2801 – [Que sais-je ? n° 1014, p. 34/35]
Sans doute, l'accord entre eux (les membres du Comité) ne régna pas toujours. Leurs tempéraments différaient et les heurts personnels, qu'engendraient des amours propres exacerbés, et le surmenage, furent fréquents. De plus, tandis que Billaud-Varenne et Collot d'Herbois inclinaient vers les sans-culottes, Prieur (de la Côte-d'Or), Lindet et Carnot demeuraient profondément conservateurs et refusèrent de s’inscrire aux Jacobins. Ainsi est-on tenté de reconnaître, selon l'actuelle terminologie, entre cette extrême gauche et cette droite, une gauche qui groupait Robespierre, Prieur (de la Marne), Jean Bon Saint-André, et un centre avec Barère et Hérault de Séchelles. Mais ces divergences d'opinions, qui étaient réelles, s’effaçaient devant le « salut du peuple » qui fut, pour Carnot et pour tous ses collègues, « la loi suprême ».
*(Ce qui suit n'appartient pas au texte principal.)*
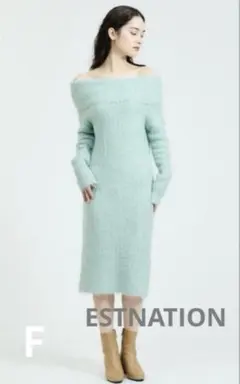 お値下げ‼️新品★ESTNATION 2WAYニット　ロングワンピース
2802 – [Que sais-je ? n° 1014, p. 38]
La victoire « supposait le talent et le pouvoir », elle réclamait la coordination de l'action des armées. On n'envisageait pas de créer un état-major général, encore moins de nommer un généralissime, qui auraient été indépendant de la Convention et du gouvernement. Il fallait donc faire entrer au Comité « un technicien patriote » ; ce fut Lazare Carnot.
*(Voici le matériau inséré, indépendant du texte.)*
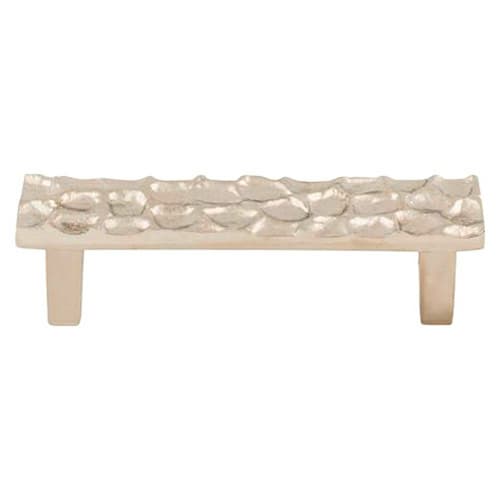 Top Knobs Cobblestone Series 3-3/4" (95 mm) Center to Center Polished Nickel Pull, - TK304PN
Le 12 juillet 1793, il avait soumis à la section de la Guerre un projet de campagne qui se limitait à l'armée du Nord, mais contrecarrait les plans de Custine. Proposé sans doute par Barère et soutenu par Prieur, le Comité l'appela le 6 août à Paris et, le lendemain, il signa pour la première fois au registre. Son élection régularisée le 14, il s’attela aussitôt à une tache inhumaine, y « jouant sa réputation, sa carrière et sa vie. Il y devint le Grand Carnot (M. Reinhard).